=== Section Start ===
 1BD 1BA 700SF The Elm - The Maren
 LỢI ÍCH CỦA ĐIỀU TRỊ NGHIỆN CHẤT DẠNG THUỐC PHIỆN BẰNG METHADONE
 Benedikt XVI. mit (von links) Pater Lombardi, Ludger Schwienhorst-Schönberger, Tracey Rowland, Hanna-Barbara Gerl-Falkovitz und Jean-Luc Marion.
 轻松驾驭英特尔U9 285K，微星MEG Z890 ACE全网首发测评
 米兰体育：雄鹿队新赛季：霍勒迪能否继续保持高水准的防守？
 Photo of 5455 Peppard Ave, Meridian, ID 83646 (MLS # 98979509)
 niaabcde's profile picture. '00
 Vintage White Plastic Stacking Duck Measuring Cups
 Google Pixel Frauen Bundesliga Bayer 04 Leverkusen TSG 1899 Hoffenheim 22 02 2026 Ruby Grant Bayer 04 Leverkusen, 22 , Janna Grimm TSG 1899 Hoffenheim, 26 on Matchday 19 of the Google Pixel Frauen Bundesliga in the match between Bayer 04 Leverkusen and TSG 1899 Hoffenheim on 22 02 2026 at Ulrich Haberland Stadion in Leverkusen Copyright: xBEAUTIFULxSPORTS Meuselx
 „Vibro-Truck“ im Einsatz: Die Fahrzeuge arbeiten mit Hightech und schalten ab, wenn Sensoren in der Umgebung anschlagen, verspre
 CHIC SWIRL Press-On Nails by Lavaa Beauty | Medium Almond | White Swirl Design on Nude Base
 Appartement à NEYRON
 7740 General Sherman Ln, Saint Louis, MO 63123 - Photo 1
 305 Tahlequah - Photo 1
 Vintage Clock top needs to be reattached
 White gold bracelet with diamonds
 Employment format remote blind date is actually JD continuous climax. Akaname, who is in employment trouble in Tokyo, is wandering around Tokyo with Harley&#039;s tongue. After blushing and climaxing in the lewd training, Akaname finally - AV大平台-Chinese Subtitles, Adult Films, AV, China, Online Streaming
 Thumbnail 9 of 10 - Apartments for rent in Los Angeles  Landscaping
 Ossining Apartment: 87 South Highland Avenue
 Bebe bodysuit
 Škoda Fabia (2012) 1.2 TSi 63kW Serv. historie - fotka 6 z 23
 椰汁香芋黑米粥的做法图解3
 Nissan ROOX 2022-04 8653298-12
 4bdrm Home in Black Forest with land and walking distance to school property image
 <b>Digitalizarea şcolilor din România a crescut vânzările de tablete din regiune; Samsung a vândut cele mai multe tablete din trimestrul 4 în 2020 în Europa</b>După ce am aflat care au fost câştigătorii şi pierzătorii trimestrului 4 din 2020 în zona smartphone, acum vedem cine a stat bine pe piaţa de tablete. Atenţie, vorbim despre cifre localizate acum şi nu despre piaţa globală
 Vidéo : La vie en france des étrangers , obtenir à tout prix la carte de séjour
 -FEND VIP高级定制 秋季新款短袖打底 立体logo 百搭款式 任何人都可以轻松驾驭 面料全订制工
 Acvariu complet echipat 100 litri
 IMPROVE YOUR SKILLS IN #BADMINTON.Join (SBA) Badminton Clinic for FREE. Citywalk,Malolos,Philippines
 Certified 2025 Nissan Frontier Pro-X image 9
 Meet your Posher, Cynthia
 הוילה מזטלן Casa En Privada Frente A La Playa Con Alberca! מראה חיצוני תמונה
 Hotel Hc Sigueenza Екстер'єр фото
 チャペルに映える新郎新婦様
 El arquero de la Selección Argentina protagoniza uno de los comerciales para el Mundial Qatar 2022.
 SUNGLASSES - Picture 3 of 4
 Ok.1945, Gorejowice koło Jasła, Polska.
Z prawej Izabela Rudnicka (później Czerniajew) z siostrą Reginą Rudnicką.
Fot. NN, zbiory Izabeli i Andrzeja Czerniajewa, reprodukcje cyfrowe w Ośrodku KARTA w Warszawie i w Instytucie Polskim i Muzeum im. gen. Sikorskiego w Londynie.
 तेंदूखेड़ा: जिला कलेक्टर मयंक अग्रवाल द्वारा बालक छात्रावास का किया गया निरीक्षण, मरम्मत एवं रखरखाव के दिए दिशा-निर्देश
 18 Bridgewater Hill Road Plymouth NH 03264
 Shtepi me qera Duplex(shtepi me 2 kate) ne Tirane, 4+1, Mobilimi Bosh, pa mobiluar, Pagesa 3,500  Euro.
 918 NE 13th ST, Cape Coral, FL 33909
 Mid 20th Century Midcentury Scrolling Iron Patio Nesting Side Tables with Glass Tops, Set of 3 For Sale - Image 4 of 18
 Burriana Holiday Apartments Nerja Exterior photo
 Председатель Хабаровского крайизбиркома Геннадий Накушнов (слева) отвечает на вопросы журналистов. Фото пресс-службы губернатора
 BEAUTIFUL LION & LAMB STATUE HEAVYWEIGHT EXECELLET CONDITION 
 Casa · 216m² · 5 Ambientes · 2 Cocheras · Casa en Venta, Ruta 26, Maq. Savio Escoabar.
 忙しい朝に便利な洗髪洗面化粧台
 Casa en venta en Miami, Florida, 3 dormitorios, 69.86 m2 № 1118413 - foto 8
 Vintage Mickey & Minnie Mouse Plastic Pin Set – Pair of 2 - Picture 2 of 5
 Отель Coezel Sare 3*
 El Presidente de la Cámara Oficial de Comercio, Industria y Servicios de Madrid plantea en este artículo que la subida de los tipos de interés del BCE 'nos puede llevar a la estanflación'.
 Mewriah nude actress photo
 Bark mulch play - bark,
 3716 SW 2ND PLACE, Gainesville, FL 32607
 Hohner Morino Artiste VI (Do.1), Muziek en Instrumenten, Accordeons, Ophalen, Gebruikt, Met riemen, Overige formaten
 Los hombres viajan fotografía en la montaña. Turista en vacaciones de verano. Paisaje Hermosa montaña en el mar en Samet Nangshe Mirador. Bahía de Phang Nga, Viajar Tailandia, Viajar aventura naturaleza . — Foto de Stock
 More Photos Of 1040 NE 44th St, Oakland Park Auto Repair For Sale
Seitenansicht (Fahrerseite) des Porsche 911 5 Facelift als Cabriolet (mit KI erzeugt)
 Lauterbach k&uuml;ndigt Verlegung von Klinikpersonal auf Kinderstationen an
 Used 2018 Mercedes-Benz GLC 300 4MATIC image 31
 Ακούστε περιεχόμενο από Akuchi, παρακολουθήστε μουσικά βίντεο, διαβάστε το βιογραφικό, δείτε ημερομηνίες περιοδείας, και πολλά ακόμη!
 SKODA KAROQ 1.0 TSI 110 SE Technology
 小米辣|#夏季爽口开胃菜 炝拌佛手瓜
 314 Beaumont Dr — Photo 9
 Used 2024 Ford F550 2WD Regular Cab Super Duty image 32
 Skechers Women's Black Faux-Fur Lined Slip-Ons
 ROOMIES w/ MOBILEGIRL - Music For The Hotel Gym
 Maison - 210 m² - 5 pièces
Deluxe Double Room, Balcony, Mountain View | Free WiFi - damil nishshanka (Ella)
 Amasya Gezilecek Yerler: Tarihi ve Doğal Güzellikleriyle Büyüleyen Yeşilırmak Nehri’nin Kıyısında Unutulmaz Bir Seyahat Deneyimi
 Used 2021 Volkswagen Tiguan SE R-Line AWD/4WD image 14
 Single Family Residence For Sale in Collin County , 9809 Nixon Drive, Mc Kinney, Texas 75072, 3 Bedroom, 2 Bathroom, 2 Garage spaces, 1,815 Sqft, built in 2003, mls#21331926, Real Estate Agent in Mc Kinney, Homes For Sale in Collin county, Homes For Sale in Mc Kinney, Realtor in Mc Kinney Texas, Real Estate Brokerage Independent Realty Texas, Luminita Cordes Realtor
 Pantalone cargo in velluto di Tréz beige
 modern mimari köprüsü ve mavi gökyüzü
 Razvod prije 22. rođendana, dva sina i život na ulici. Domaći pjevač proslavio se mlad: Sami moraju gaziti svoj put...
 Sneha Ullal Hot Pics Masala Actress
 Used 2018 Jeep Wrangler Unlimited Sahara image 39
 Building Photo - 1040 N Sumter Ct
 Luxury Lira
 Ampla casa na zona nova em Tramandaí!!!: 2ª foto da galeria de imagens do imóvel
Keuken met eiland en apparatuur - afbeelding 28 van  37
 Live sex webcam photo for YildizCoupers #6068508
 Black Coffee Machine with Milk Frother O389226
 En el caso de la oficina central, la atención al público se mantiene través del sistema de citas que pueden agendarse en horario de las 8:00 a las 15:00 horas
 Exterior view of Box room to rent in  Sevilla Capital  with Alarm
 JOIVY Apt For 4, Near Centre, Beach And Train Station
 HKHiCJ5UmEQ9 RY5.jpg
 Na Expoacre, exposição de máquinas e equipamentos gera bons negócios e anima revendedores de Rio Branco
=== Section End ===
— Aim of the exercise —
If a line in the material above holds "Plastic", copy it.

— Answer space —
 Vintage White Plastic Stacking Duck Measuring Cups
 Vintage Mickey & Minnie Mouse Plastic Pin Set – Pair of 2 - Picture 2 of 5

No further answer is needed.